Living with a herniated disk can be extremely painful. People with a herniated disk usually do not require surgery, but doctors recommend physical therapy to manage the symptoms. Gentle exercises and safe stretches can help provide pain relief, improve flexibility, and speed up healing. Light physical activity, such as stretches and gentle exercises, also helps to prevent herniated disks from recurring.

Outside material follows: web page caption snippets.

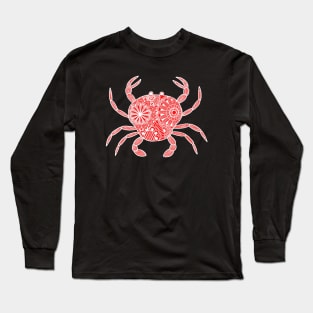 Mandala Crab (red and white inverted) Long Sleeve T-Shirt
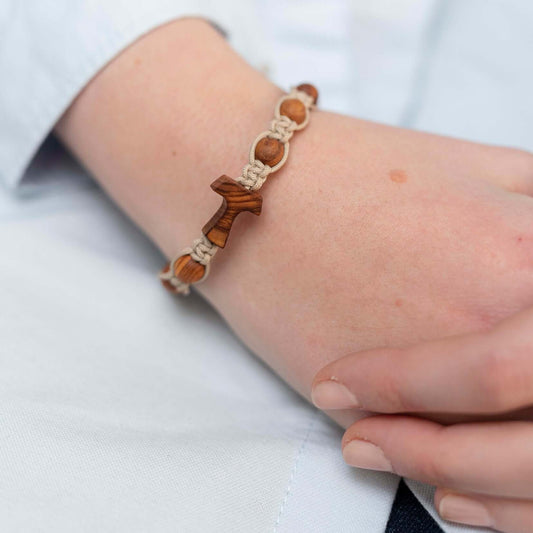 TAU KREUZ ARMBAND - OLIVENHOLZ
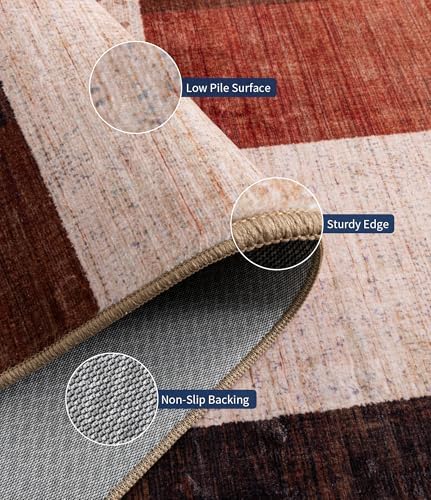 YIHOUSE Modern Geometric Patchwork Rugs for Living Room, Brown Washable 6x9 A...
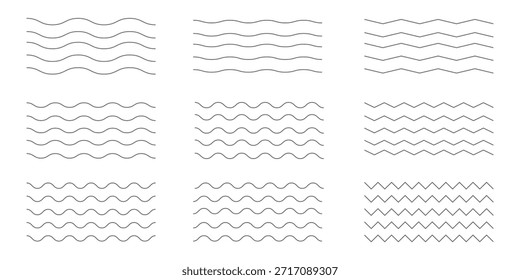 Ondas de água. Conjunto de linhas onduladas em ziguezague. Plano de fundo de linha fina de onda. Ziguezague vetorial e eps.10 ondulado moderno horizontal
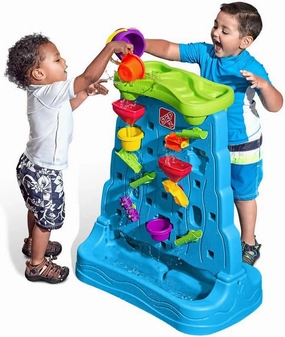 Step2 Waterfall Discovery Wall, Kids Double-Sided Water and Sand Activity Sensory Table, Summer Outdoor Toys, 13 Piece Toy Accessories, For Toddlers 1.5  Years Old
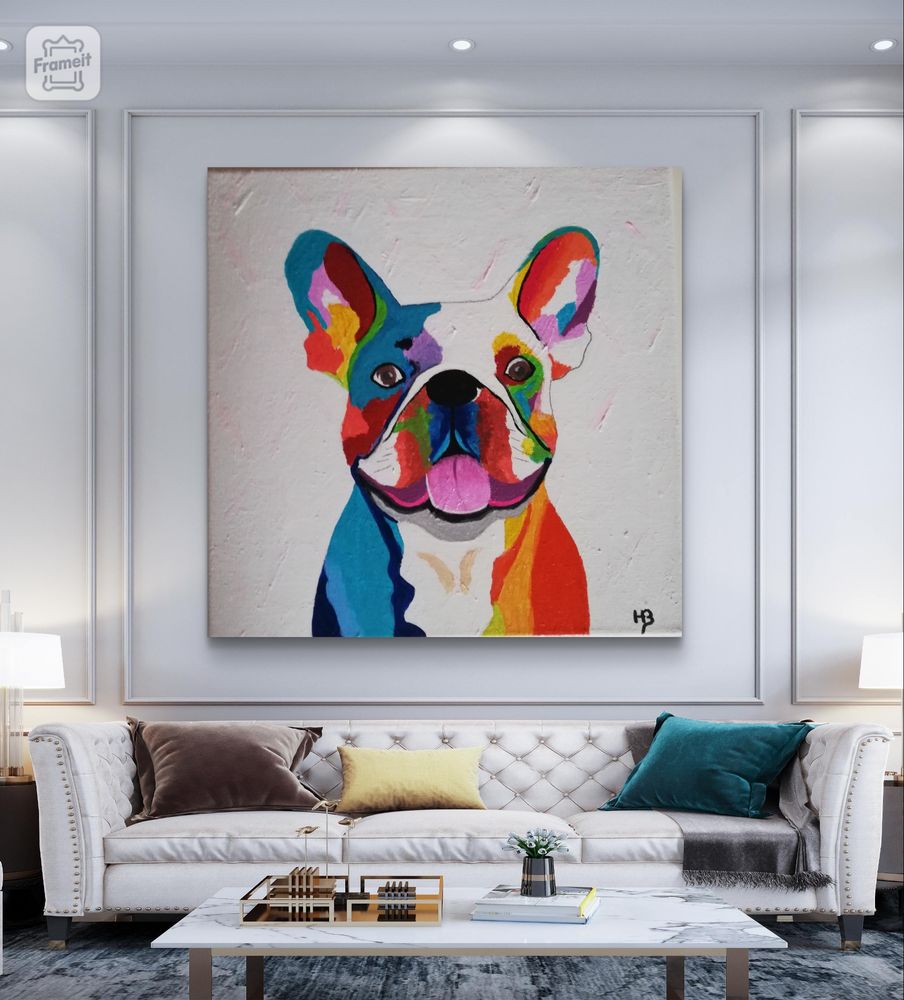 Tableau peinture acrylique 30 x 30 cm : Bouledogue Fran�ais 52 Colombier-le-Cardinal (07)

This blog outlines six safe stretches and exercises that people with herniated disks can practice to manage pain and speed up recovery.
What is a Herniated Disk?
Your spine consists of vertebrae separated by jelly-like disks. These disks allow for movement in the spine, keep the vertebrae in place, and cushion the joints during impact. Each disk is composed of a soft inside (the nucleus) and a tough outer portion (the annulus). A herniated disk occurs when a nucleus leaks through the annulus and irritates the surrounding nerves.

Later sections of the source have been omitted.